Posted: Tue Jan 15, 2008 4:08 am
by trixmoto
No, but it is still on my list! :)

Posted: Sun Jan 20, 2008 7:56 am
by sommo
Is there a MM3 of this plugin, cos I really would like it :D

Thanks

Posted: Sun Jan 20, 2008 8:05 am
by trixmoto
It's on my (incredibly long) list! :)

Posted: Sat Feb 02, 2008 10:57 am
by uwuerfel
Hi Trixmoto,

I really like your script.
The idea to create a report with the possibility to do some actions on the duplicates is brilliant.

The only thing I was missing is some sort of fuzzy or approximate string search.

More often than not, I don't have exact duplicate names.
There are some differences like:
- spelling errors ("abracadabra" -> "abracababra")
or
- One title has more info than the other ("I Want You" -> "I Want You (Chica Cherry Cola)")
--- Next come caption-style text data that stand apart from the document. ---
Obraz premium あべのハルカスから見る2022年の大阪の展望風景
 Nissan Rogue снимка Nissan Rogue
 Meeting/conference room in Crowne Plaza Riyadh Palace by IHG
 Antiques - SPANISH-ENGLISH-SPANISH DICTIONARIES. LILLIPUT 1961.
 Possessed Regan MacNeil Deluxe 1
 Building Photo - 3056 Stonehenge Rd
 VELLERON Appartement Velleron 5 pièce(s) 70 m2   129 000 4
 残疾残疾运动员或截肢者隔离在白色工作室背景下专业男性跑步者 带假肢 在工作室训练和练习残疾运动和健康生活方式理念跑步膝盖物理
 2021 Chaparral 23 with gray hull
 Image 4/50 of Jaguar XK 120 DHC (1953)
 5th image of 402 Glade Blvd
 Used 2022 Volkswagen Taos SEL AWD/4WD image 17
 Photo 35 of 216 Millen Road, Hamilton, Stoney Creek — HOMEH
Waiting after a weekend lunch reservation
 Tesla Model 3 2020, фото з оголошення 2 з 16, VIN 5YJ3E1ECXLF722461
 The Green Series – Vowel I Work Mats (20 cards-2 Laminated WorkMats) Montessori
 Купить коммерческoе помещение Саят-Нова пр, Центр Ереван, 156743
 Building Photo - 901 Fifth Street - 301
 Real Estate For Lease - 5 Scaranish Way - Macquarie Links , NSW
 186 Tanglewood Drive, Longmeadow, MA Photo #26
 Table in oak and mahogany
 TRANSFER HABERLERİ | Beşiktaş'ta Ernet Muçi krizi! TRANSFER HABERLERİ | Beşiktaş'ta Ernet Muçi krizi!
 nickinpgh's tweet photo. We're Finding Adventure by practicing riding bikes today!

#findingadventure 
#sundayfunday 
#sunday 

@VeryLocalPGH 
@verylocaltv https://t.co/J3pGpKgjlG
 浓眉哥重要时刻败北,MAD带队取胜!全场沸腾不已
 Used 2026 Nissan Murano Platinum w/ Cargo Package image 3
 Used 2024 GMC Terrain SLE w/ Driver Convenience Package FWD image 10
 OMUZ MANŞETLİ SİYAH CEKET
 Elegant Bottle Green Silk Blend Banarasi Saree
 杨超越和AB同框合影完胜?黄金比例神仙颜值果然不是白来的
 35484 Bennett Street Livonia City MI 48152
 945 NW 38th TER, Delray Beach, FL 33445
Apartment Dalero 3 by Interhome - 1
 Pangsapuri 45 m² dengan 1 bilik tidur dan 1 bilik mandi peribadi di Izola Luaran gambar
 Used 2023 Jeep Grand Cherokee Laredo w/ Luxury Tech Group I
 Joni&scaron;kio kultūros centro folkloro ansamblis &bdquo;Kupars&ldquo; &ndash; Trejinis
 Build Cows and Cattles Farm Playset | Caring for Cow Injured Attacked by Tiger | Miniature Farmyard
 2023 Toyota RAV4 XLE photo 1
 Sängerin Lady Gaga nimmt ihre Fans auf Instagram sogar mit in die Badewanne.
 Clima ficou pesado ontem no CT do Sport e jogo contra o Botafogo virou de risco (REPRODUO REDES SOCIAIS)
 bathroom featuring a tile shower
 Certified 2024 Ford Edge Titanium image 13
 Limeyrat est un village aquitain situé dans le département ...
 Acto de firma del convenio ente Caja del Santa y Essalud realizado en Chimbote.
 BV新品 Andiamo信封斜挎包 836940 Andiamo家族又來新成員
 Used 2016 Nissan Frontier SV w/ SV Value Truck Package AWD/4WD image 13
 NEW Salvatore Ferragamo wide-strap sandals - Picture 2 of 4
For this type of coparision there exist metric functions that tell you the "distance" between to strings. The distance is a natural number that more or less says that you need n operations to transform String1 into string2. An operation is s.th. like insert, delete, exchange a character.

I searched a little bit in the internet and found the following informations:

http://en.wikipedia.org/wiki/Fuzzy_string_searching
http://en.wikipedia.org/wiki/Levenshtein_distance
http://en.wikipedia.org/wiki/Damerau-Le ... n_distance
http://en.wikipedia.org/wiki/Bitap_algorithm
http://en.wikibooks.org/wiki/Algorithm_ ... plications


I took the above VBA implementation and converted it into VBS.
It's a simple VBS script, that runs in WSH.

Code: Select all

' VB Script Document
option explicit

dim text1 : text1 = "abracadabra"
dim text2 : text2 = "abarcadabra"
dim text3 : text3 = "abarcababra"
dim text4 : text4 = "MozartSinatra"

wscript.echo  damerau_levenshtein( text1, text2, 3 )
wscript.echo  damerau_levenshtein( text2, text3, 3 )
wscript.echo  damerau_levenshtein( text1, text3, 3 )
wscript.echo  damerau_levenshtein( text1, text4, 20 )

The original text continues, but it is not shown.